Instructions to follow:
Go through the listing below and output exactly the line with "GLITZ by UNIT", the line with "Zinc Alloy Security", and each line between; omit the rest.
*-*-*
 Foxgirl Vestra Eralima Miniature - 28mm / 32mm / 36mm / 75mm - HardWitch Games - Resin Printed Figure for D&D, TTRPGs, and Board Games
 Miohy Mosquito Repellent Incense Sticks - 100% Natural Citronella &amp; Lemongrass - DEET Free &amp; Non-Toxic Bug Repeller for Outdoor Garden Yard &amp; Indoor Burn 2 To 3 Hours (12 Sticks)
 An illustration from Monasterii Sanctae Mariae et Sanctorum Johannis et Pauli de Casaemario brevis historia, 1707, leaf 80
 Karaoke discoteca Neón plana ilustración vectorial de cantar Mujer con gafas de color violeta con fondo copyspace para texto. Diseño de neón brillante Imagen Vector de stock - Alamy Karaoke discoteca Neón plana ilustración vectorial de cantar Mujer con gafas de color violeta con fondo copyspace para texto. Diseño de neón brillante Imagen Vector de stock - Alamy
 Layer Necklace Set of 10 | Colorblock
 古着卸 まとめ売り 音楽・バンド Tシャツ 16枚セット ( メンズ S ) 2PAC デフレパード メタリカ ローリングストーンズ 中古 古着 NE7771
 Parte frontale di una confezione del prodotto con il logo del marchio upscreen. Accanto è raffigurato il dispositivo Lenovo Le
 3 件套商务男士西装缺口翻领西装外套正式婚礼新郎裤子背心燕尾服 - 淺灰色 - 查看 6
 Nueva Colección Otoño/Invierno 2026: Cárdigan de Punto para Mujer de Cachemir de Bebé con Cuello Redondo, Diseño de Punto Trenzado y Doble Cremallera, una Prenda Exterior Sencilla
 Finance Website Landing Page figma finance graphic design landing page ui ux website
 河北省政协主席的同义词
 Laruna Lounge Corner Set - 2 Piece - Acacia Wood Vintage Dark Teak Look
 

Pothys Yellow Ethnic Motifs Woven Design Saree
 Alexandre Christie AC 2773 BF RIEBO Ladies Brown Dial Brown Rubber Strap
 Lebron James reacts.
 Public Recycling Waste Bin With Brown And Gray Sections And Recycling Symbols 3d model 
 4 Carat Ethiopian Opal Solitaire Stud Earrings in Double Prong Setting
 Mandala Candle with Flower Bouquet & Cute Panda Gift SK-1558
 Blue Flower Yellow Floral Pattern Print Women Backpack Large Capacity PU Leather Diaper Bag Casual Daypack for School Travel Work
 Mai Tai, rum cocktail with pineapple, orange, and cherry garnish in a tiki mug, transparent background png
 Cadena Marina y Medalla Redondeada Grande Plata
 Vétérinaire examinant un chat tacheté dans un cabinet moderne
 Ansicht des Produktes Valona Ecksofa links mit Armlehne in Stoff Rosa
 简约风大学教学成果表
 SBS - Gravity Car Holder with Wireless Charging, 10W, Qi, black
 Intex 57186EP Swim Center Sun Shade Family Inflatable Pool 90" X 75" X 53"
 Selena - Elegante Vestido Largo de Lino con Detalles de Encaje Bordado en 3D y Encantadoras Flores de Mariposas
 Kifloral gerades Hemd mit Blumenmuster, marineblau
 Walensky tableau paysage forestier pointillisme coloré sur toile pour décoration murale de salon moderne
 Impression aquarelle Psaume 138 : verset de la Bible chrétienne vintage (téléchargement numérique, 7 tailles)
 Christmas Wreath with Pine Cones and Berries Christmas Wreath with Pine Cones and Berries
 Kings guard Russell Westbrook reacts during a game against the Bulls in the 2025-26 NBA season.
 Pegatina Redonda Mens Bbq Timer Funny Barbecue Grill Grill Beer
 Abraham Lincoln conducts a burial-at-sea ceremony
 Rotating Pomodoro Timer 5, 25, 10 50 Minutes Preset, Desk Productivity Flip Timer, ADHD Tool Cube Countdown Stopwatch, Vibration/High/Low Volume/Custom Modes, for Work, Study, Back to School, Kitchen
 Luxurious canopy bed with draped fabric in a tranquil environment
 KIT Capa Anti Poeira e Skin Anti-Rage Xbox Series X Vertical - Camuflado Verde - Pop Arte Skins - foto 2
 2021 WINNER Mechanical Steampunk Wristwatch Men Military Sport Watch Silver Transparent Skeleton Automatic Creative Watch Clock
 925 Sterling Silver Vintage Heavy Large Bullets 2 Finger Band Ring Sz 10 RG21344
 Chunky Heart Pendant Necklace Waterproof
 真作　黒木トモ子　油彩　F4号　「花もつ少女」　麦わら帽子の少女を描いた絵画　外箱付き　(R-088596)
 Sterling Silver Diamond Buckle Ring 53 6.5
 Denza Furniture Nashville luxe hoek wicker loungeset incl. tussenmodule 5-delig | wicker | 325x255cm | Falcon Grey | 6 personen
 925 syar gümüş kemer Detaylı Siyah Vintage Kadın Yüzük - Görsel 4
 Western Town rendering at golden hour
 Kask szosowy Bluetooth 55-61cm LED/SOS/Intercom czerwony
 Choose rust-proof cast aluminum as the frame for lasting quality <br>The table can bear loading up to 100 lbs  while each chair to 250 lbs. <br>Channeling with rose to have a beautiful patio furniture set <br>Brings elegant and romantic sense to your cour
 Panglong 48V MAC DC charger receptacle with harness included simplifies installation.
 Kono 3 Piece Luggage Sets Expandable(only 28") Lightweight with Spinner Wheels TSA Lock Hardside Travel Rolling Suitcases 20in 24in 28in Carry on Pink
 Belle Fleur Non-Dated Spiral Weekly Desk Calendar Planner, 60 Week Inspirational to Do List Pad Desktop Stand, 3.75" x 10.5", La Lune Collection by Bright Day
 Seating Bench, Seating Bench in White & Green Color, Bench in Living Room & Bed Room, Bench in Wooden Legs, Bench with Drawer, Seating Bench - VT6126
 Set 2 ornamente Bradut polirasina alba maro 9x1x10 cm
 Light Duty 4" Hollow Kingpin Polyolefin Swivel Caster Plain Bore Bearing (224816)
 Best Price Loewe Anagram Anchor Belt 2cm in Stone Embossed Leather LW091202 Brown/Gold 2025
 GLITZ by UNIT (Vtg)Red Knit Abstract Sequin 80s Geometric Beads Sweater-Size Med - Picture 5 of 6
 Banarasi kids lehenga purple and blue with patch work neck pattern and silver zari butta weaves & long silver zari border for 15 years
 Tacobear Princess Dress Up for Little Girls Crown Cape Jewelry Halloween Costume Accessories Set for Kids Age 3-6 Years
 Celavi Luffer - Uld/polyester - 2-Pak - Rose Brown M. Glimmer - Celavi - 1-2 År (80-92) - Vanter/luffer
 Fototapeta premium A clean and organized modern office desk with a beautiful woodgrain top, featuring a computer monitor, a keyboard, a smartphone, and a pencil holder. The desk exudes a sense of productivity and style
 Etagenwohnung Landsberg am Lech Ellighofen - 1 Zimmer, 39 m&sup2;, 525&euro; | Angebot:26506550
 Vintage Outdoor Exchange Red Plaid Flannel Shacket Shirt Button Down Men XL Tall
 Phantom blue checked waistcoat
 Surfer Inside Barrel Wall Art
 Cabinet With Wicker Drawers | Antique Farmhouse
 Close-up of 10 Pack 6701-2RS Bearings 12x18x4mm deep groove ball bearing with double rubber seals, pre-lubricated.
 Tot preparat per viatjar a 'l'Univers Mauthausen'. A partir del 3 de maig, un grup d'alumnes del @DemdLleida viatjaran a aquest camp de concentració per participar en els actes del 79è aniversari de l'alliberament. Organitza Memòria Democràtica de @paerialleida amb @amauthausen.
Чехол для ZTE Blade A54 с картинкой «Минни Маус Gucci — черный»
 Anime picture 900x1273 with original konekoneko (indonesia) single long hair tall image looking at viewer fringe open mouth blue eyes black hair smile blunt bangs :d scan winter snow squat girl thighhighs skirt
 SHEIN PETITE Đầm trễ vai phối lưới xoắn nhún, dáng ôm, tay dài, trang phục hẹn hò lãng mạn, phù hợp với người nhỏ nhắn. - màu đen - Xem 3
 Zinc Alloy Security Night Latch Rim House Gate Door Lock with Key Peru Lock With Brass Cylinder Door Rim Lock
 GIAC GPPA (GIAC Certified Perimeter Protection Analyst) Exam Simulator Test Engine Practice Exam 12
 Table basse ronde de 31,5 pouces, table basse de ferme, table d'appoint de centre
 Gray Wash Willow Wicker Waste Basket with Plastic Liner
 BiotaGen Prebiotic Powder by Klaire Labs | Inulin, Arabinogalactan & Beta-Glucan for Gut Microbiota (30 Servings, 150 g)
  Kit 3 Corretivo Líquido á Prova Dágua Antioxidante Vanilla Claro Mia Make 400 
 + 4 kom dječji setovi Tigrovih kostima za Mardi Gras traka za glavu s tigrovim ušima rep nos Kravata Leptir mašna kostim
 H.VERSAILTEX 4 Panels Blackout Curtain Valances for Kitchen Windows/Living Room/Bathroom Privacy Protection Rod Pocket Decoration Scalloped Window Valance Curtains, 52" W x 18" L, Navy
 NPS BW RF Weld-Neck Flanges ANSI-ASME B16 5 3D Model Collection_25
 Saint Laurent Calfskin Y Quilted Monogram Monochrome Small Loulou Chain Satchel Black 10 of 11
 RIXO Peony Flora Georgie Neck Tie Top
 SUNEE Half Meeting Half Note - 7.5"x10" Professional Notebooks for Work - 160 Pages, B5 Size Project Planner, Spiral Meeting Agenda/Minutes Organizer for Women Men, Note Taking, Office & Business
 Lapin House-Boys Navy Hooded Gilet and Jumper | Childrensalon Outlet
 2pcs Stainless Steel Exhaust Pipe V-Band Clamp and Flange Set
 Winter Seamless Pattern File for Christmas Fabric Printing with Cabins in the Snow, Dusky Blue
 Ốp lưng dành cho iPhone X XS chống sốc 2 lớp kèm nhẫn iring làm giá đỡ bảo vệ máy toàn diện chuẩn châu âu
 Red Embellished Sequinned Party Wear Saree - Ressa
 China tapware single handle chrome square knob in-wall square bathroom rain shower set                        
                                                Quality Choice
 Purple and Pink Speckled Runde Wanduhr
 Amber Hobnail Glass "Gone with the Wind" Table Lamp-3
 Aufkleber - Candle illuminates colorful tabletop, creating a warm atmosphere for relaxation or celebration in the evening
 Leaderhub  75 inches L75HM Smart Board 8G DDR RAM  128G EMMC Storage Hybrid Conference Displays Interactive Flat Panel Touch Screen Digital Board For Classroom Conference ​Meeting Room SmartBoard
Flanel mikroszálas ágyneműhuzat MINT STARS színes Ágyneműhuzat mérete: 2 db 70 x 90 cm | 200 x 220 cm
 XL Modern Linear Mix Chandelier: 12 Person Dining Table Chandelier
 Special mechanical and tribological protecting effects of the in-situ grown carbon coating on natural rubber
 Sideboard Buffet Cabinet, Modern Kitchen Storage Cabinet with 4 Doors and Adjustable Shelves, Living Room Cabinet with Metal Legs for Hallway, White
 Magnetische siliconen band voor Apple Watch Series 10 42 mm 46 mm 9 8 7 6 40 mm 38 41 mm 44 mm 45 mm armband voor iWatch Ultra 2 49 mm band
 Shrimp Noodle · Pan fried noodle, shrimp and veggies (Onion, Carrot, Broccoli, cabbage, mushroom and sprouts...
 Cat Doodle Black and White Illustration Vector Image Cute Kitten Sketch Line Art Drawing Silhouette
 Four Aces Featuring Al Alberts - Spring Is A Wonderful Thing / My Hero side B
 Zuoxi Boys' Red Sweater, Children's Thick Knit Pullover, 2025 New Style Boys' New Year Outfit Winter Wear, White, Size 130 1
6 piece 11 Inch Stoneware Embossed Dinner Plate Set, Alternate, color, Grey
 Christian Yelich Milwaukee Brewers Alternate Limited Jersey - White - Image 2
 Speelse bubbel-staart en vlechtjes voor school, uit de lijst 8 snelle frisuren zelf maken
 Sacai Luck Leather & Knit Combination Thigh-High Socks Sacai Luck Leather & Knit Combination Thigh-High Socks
*-*-*
Exercise response:
 GLITZ by UNIT (Vtg)Red Knit Abstract Sequin 80s Geometric Beads Sweater-Size Med - Picture 5 of 6
 Banarasi kids lehenga purple and blue with patch work neck pattern and silver zari butta weaves & long silver zari border for 15 years
 Tacobear Princess Dress Up for Little Girls Crown Cape Jewelry Halloween Costume Accessories Set for Kids Age 3-6 Years
 Celavi Luffer - Uld/polyester - 2-Pak - Rose Brown M. Glimmer - Celavi - 1-2 År (80-92) - Vanter/luffer
 Fototapeta premium A clean and organized modern office desk with a beautiful woodgrain top, featuring a computer monitor, a keyboard, a smartphone, and a pencil holder. The desk exudes a sense of productivity and style
 Etagenwohnung Landsberg am Lech Ellighofen - 1 Zimmer, 39 m&sup2;, 525&euro; | Angebot:26506550
 Vintage Outdoor Exchange Red Plaid Flannel Shacket Shirt Button Down Men XL Tall
 Phantom blue checked waistcoat
 Surfer Inside Barrel Wall Art
 Cabinet With Wicker Drawers | Antique Farmhouse
 Close-up of 10 Pack 6701-2RS Bearings 12x18x4mm deep groove ball bearing with double rubber seals, pre-lubricated.
 Tot preparat per viatjar a 'l'Univers Mauthausen'. A partir del 3 de maig, un grup d'alumnes del @DemdLleida viatjaran a aquest camp de concentració per participar en els actes del 79è aniversari de l'alliberament. Organitza Memòria Democràtica de @paerialleida amb @amauthausen.
Чехол для ZTE Blade A54 с картинкой «Минни Маус Gucci — черный»
 Anime picture 900x1273 with original konekoneko (indonesia) single long hair tall image looking at viewer fringe open mouth blue eyes black hair smile blunt bangs :d scan winter snow squat girl thighhighs skirt
 SHEIN PETITE Đầm trễ vai phối lưới xoắn nhún, dáng ôm, tay dài, trang phục hẹn hò lãng mạn, phù hợp với người nhỏ nhắn. - màu đen - Xem 3
 Zinc Alloy Security Night Latch Rim House Gate Door Lock with Key Peru Lock With Brass Cylinder Door Rim Lock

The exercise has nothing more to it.